__AIM OF THE EXERCISE__: Please set down, word for word, the line that contains "#aimechagirl #aimechamusume" and every line after it to the end of the entries below, omitting the pictures.

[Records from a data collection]
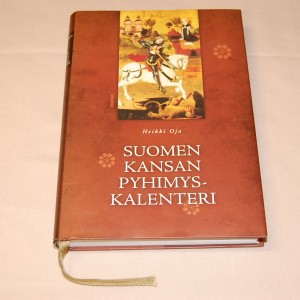 Heikki Oja Suomen kansan pyhimyskalenteri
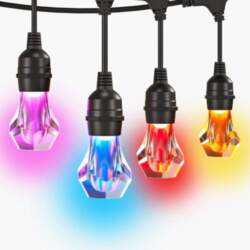 Nanoleaf Essentials Matter Smart Multicolour Outdoor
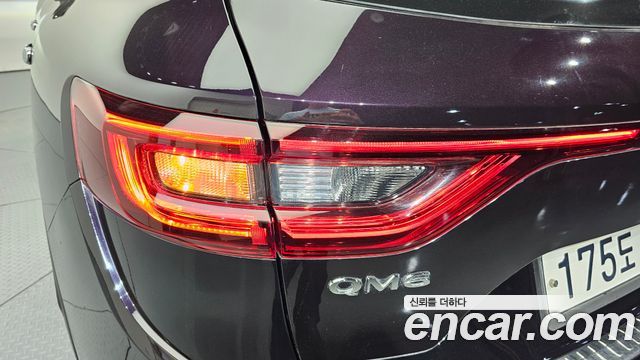 Renault Korea QM6 2.0 GDe PREMIERE 2WD 2020 — фото 23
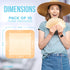 Silicone Foam Dressing 4x4 Pack of 10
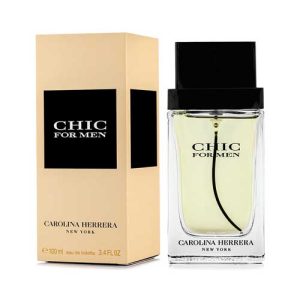 CAROLINA HERRERA CHIC MEN 3.4 OZ EDT SP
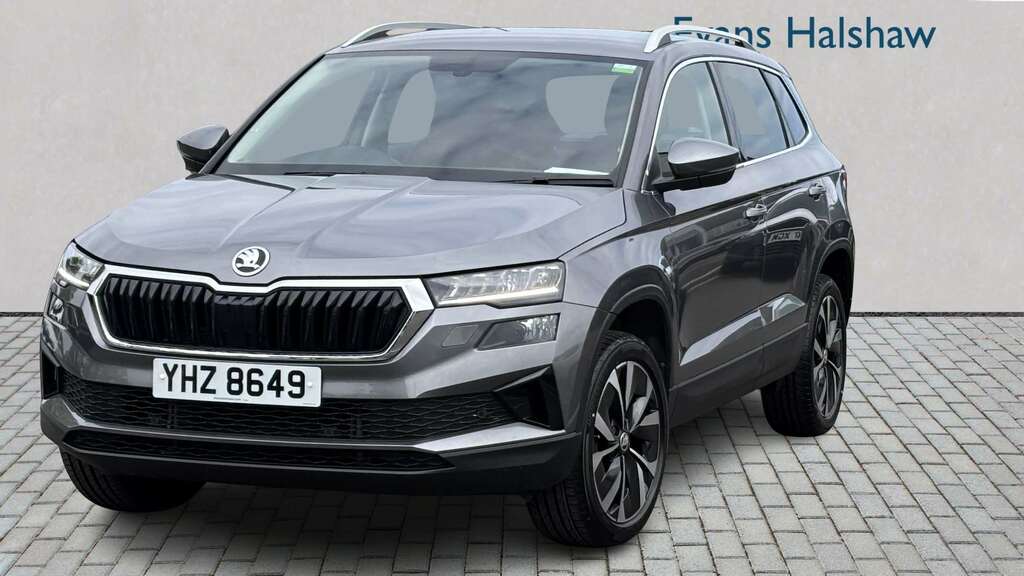 Skoda Karoq 1.5 Tsi Se L Dsg 2023 YHZ8649 Grey #2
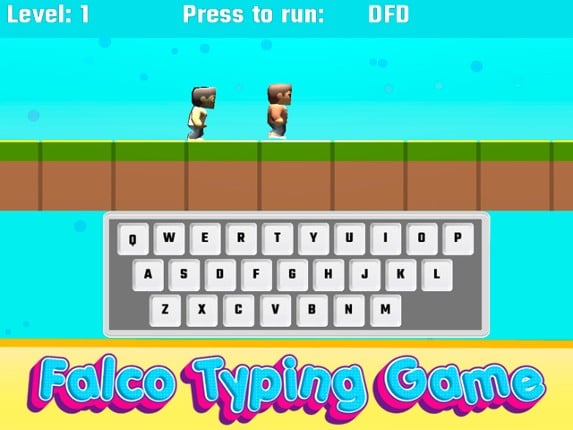 Falco Typing Game Image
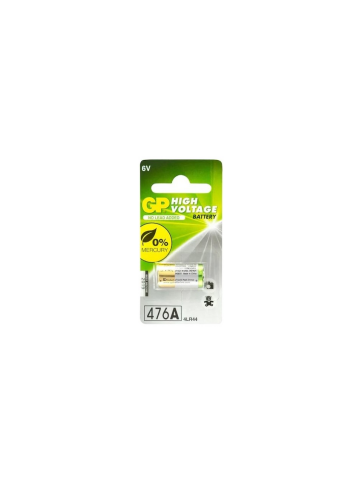 GP 476 A 4LR44 6V PİL 1Lİ - 1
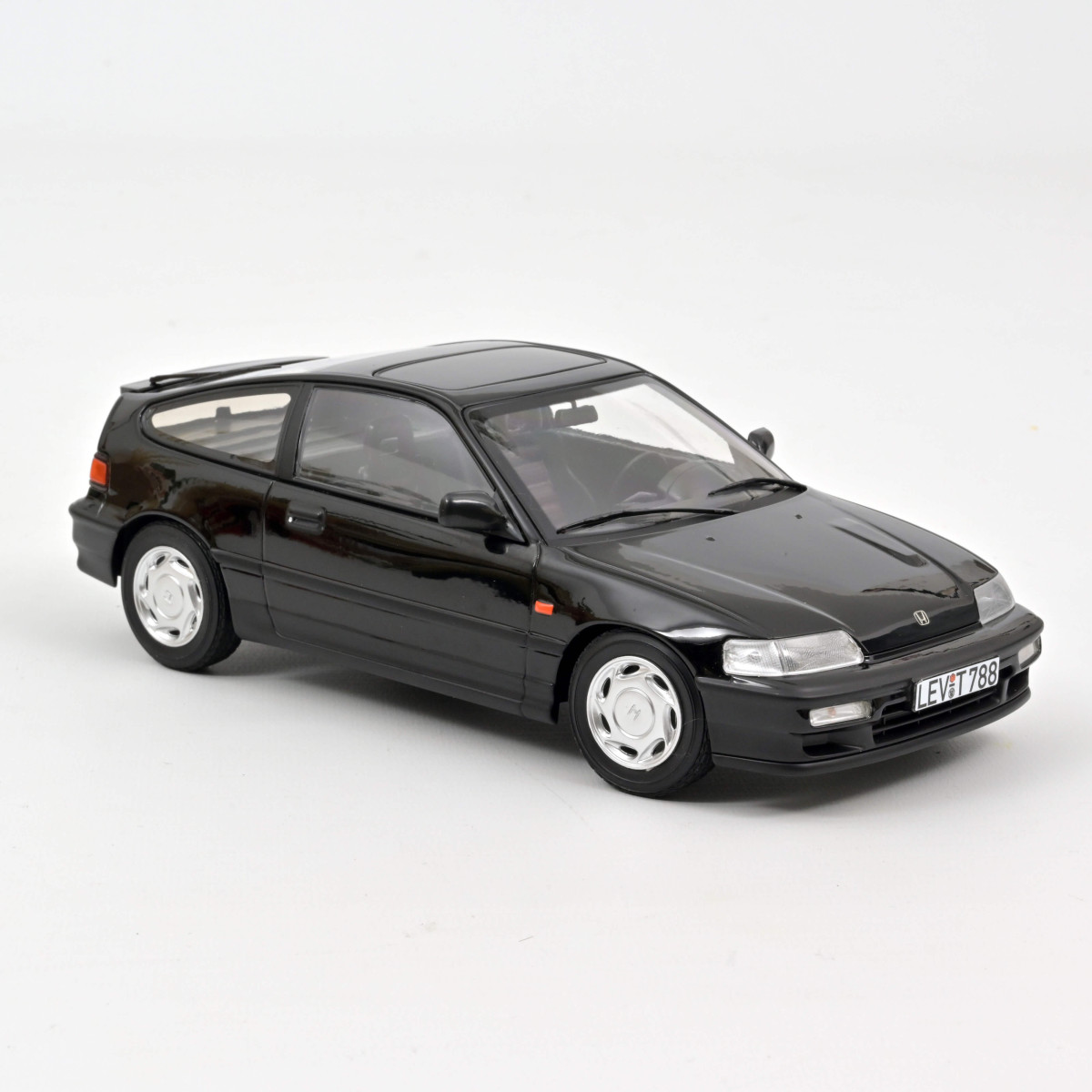 Honda CRX 1990 - Black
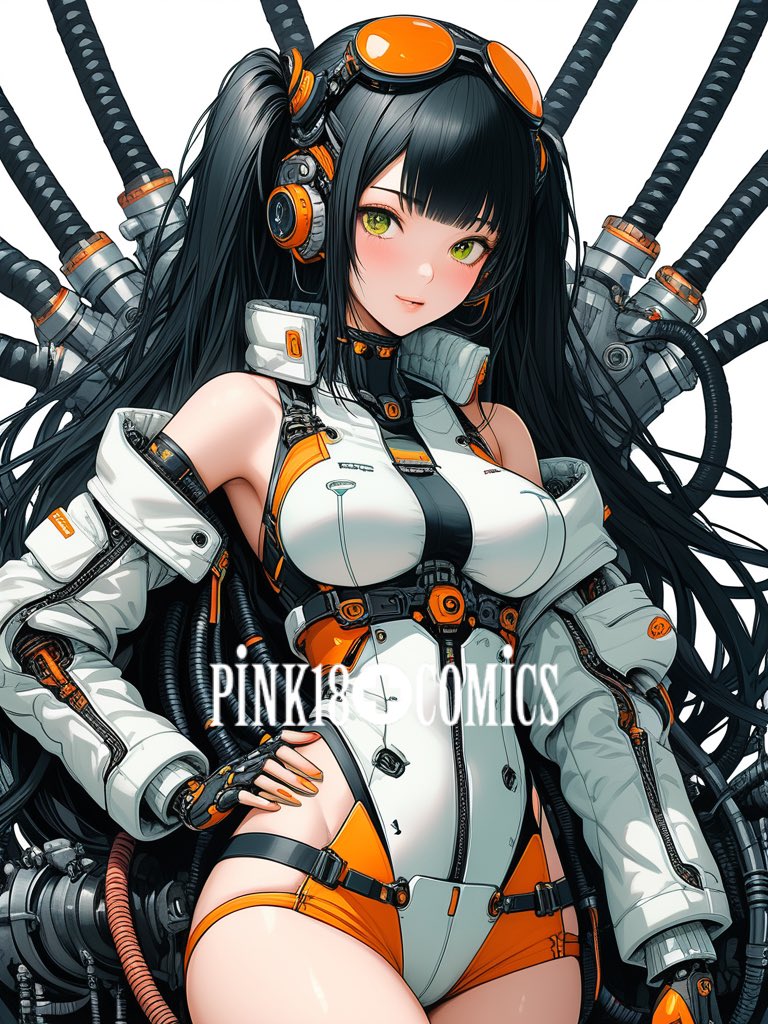 #aiart #aiartwork #aiillustration #sciﬁart #steampunk #retrofuture #manga #anime #illustration #cyberpunk 
#aimechagirl #aimechamusume

MeCHA+GiRL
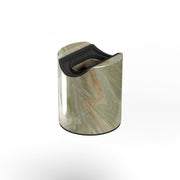 Portalampada esse14 da parete o soffitto con attacco S14d - Waterproof IP44 - Effetto Green marble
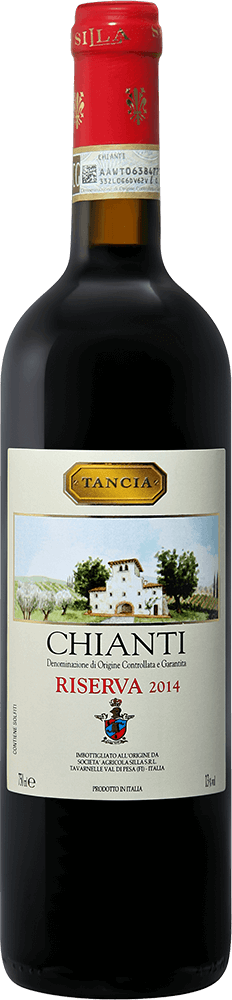 Танча Кьянти DOCG Ризерва Фаттория Ла Танча 2018 0.75&nbsp;л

__SOLUTION TO THIS PROBLEM__:
#aimechagirl #aimechamusume

MeCHA+GiRL
 Portalampada esse14 da parete o soffitto con attacco S14d - Waterproof IP44 - Effetto Green marble
 Танча Кьянти DOCG Ризерва Фаттория Ла Танча 2018 0.75&nbsp;л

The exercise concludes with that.